##### DATASET ENTRIES

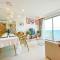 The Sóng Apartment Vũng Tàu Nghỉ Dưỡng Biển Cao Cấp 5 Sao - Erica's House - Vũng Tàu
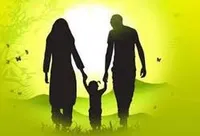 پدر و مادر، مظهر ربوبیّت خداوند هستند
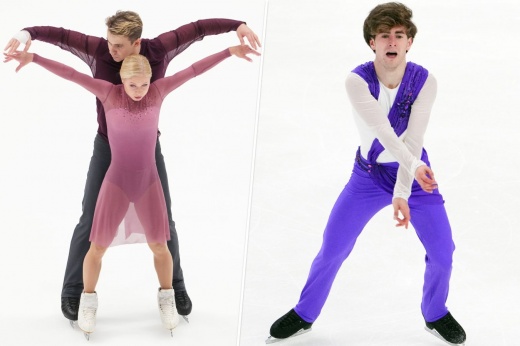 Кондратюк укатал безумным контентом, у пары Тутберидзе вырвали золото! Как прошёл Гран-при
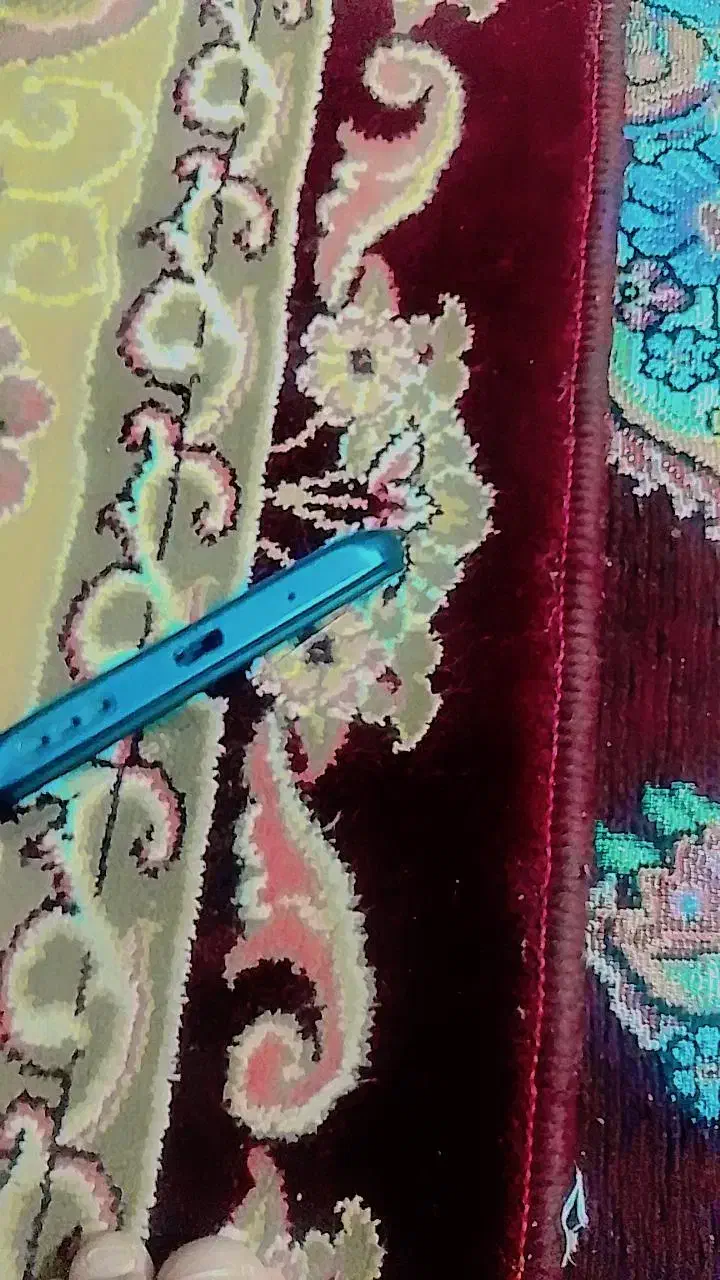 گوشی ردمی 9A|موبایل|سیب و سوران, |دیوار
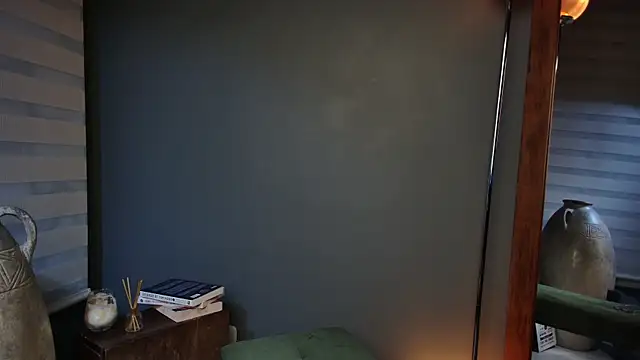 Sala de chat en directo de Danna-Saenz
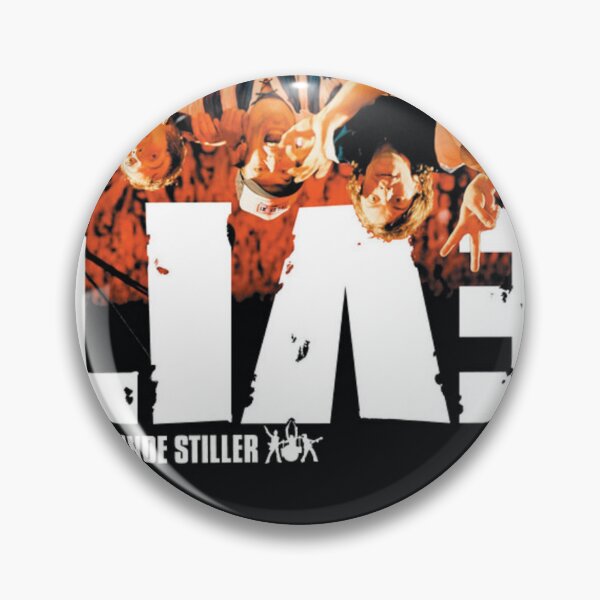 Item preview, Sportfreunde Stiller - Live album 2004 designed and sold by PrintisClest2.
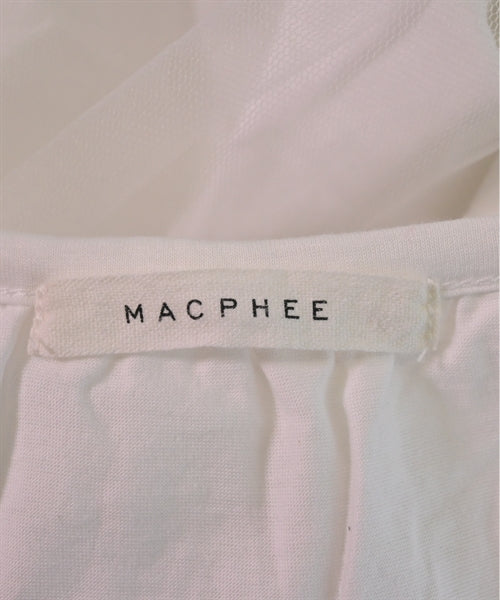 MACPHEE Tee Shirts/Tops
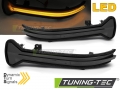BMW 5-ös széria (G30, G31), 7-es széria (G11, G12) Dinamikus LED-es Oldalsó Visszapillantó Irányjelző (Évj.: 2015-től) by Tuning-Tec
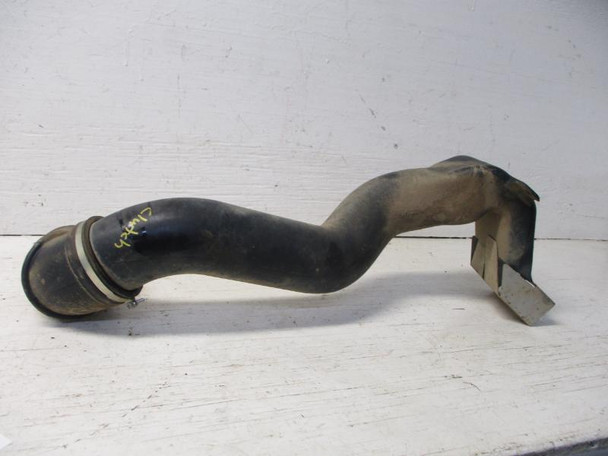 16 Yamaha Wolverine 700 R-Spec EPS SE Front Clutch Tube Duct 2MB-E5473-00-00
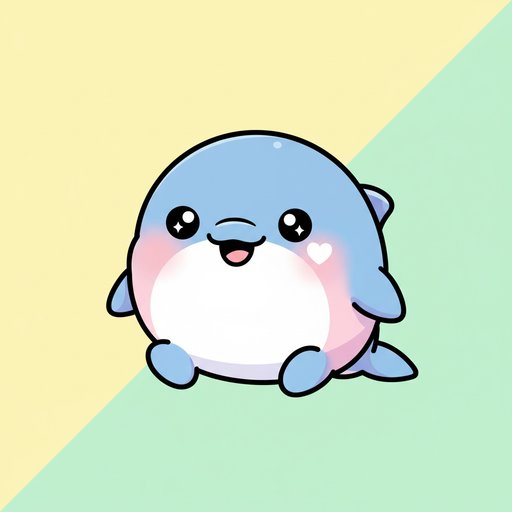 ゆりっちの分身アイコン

##########

**PROBLEM DESCRIPTION:** Print each line above exactly as it appears, excluding all images.

**RESPONSE TO THIS EXERCISE:**
 The Sóng Apartment Vũng Tàu Nghỉ Dưỡng Biển Cao Cấp 5 Sao - Erica's House - Vũng Tàu
 پدر و مادر، مظهر ربوبیّت خداوند هستند
 Кондратюк укатал безумным контентом, у пары Тутберидзе вырвали золото! Как прошёл Гран-при
 گوشی ردمی 9A|موبایل|سیب و سوران, |دیوار
 Sala de chat en directo de Danna-Saenz
 Item preview, Sportfreunde Stiller - Live album 2004 designed and sold by PrintisClest2.
 MACPHEE Tee Shirts/Tops
BMW 5-ös széria (G30, G31), 7-es széria (G11, G12) Dinamikus LED-es Oldalsó Visszapillantó Irányjelző (Évj.: 2015-től) by Tuning-Tec
 16 Yamaha Wolverine 700 R-Spec EPS SE Front Clutch Tube Duct 2MB-E5473-00-00
 ゆりっちの分身アイコン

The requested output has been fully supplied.